Project

General

Profile

Site Coverage Comparison

Command examples:

atav.sh --site-coverage-comparison --sample PATH_TO_SAMPLE_FILE --gene-boundary PATH_TO_GENE_BOUNDARY_FILE --min-coverage 10 --out PATH_TO_OUTPUT

Command options:

--site-coverage-comparison: trigger coverage comparison analysis.

--site-max-percent-cov-difference: Include this option to set user defined cutoff value between 0 and 1 for maximum average coverage difference between case and control groups. if no user option is specified, ATAV will use the automated cutoff value for the absolute mean coverage difference instead.

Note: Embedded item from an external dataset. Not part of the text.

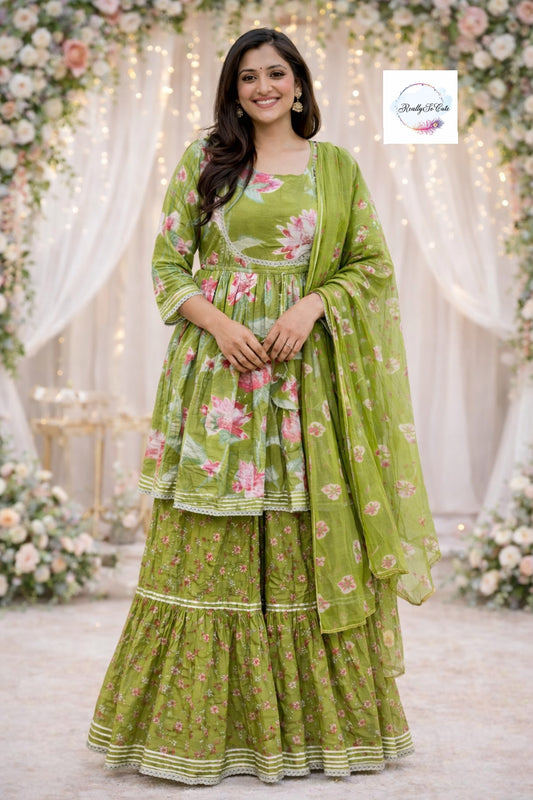 Green pichwai sharara set, kurti sharara women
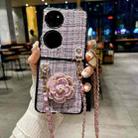 For Huawei P50 Pocket Camellia Plaid Fabric PC Phone Case with Long Lanyard(Purple) - 2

abs(case#/total#/(#sites_in_region) - ctrl#/total#/(#sites_in_region)) < cutoff

case# and ctrl# is sum of all qualified samples (passed your --min-coverage cutoff) on one site
total# is total samples#
#sites_in_region is 1

Output:

site.summary.csv: This file outputs the summary coverage information for each site for case control groups separately.

  • Gene: The gene name the site is associated with.
  • Chr: The chromosome the site is located.
  • Pos:Site location within the chromosome(1-based).
  • Site coverage: Total number of samples with sufficient coverage.
  • Site coverage Case: Total number of case samples with sufficient coverage.
  • Site coverage Control: Total number of control samples with sufficient coverage.

site.clean.txt: a 'cleaned'/'filtered' version of gene boundary file that can be used to run Collapsing analysis.

Note: This cleaned gene boundary file excluded sites that have more than a minimum coverage difference (either user specified or automatically calculated) between the cases and controls.

coverage.summary.csv and coverage.summary.clean.csv are the same as the one in Coverage Comparison.

sample.summary.csv and coverage.details.csv are the same as the one in Coverage Summary.

Note:

If a gene appears multiple times on different chromosomes, only the first appearance will be analyzed at the moment. This means genes that are in the pseudoautosomal region on the X and Y will only have their X chr data analyzed at the moment. This problem will eventually be resolved by combining the data for both genes into one analysis.